_What is required_.
Every record below is to be retyped exactly, with the pictures left out.

*** Opening Listed records ***

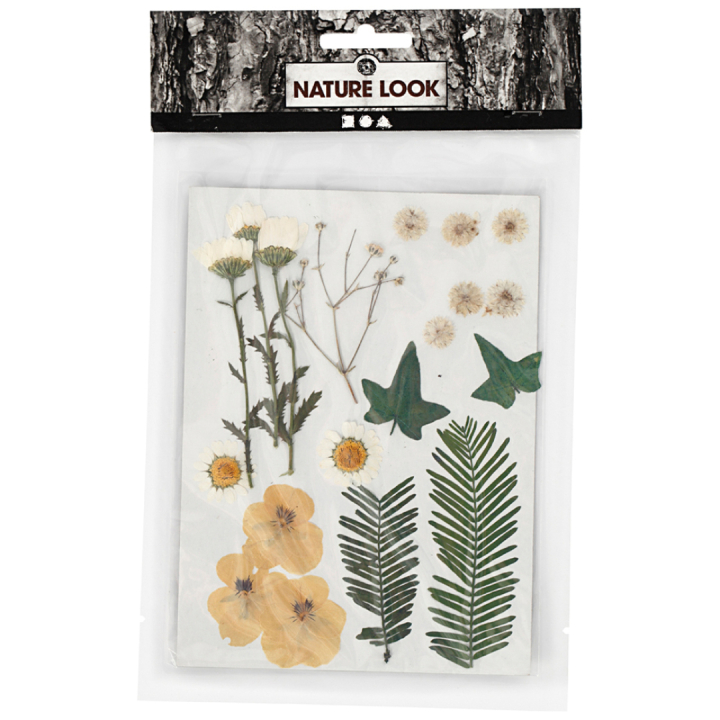 Dried flowers and leaves Raw white in the group Hobby & Creativity / Techniques / Scrapbooking at Pen Store (130765)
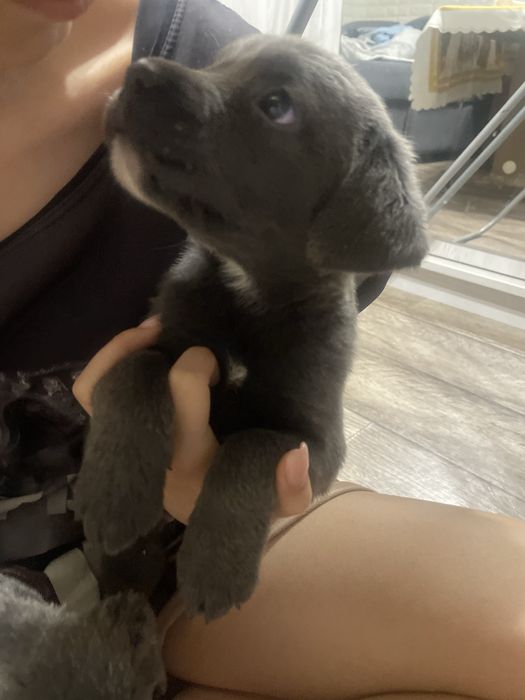 Продаются щенки Кане корсо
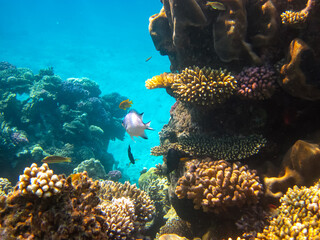 Beautiful coral reef with its inhabitants in the Red Sea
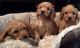 Cockapoo Puppies for sale in Phoenix, AZ, USA. price: NA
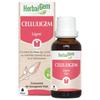Herbalgem Complexe De Gemmothérapie Celluligem Ligne Bio 30ml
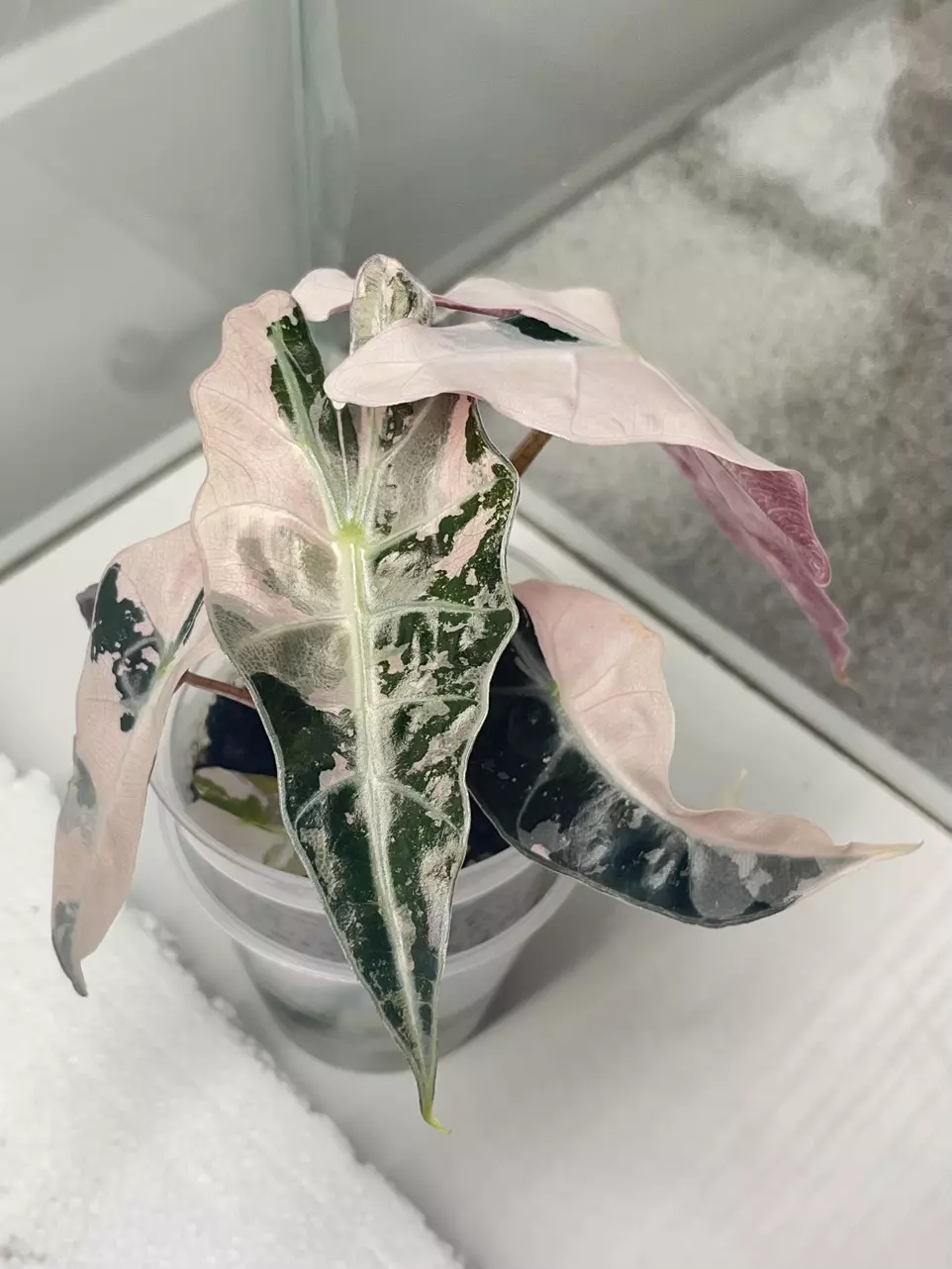 plant/Pink polly alocasia corm-0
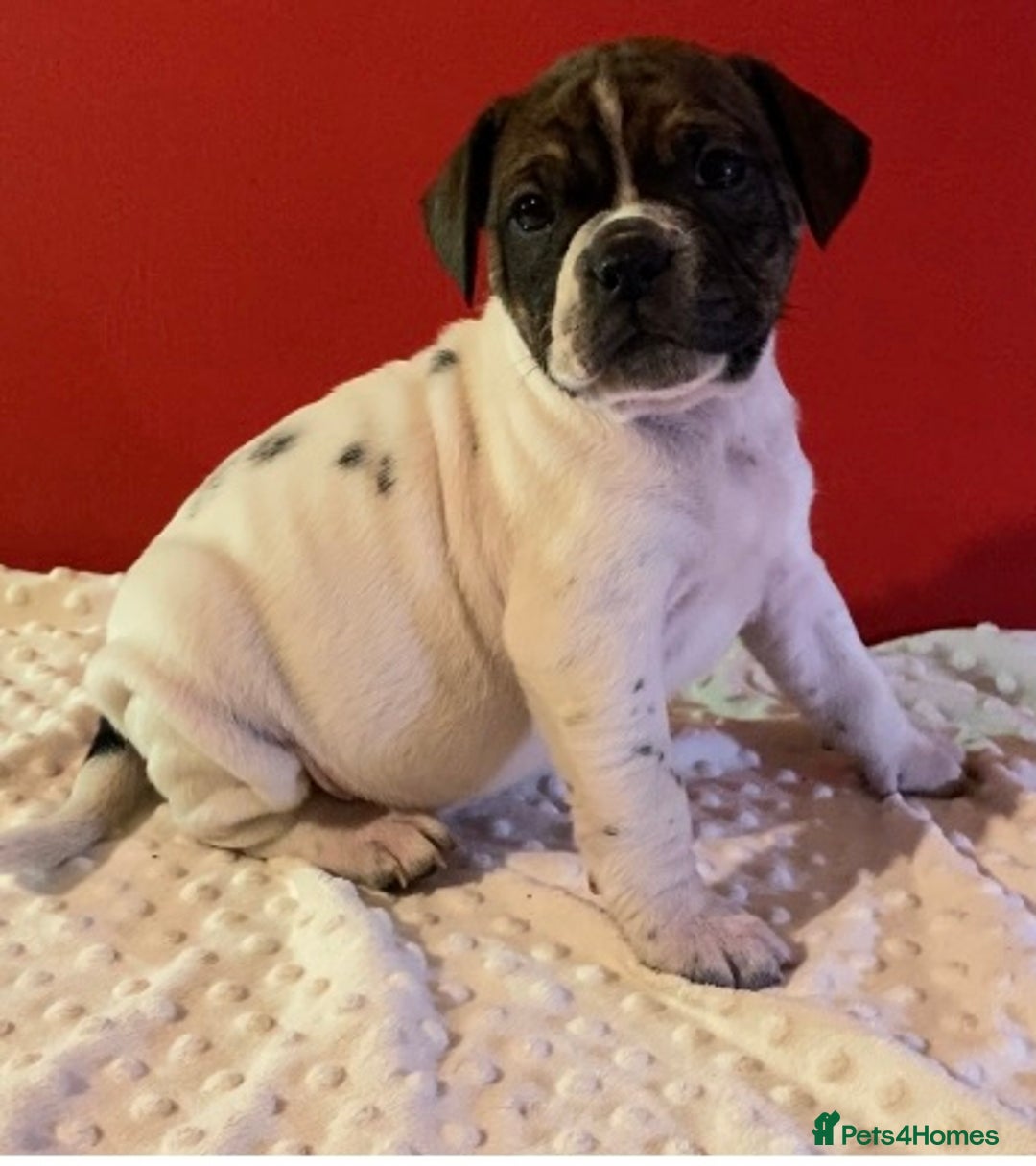 Alapaha Blue Blood Bulldog dogs for sale: TOP QUALITY PURE ALAPAHA BULLDOGS - Advert 19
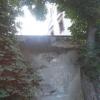 , mokunka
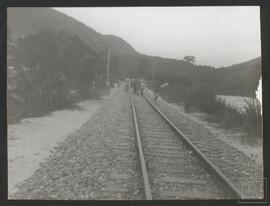image 35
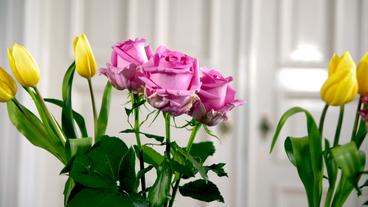 Rosen und Tulpen in einer Vase.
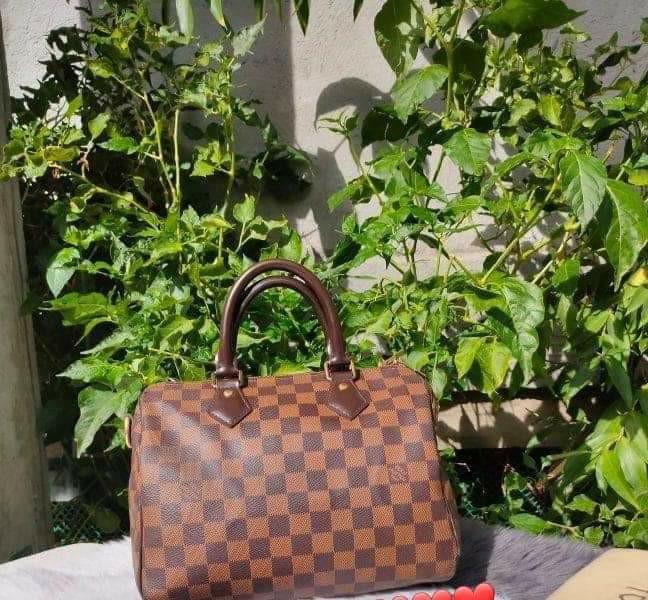 Louis Vuitton Speedy 25 Bando, Luxury, Bags & Wallets on Carousell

*** Closing Listed records ***

_Answer box_.
 Dried flowers and leaves Raw white in the group Hobby & Creativity / Techniques / Scrapbooking at Pen Store (130765)
 Продаются щенки Кане корсо
 Beautiful coral reef with its inhabitants in the Red Sea
 Cockapoo Puppies for sale in Phoenix, AZ, USA. price: NA
Herbalgem Complexe De Gemmothérapie Celluligem Ligne Bio 30ml
 plant/Pink polly alocasia corm-0
 Alapaha Blue Blood Bulldog dogs for sale: TOP QUALITY PURE ALAPAHA BULLDOGS - Advert 19
 , mokunka
image 35
 Rosen und Tulpen in einer Vase.
 Louis Vuitton Speedy 25 Bando, Luxury, Bags & Wallets on Carousell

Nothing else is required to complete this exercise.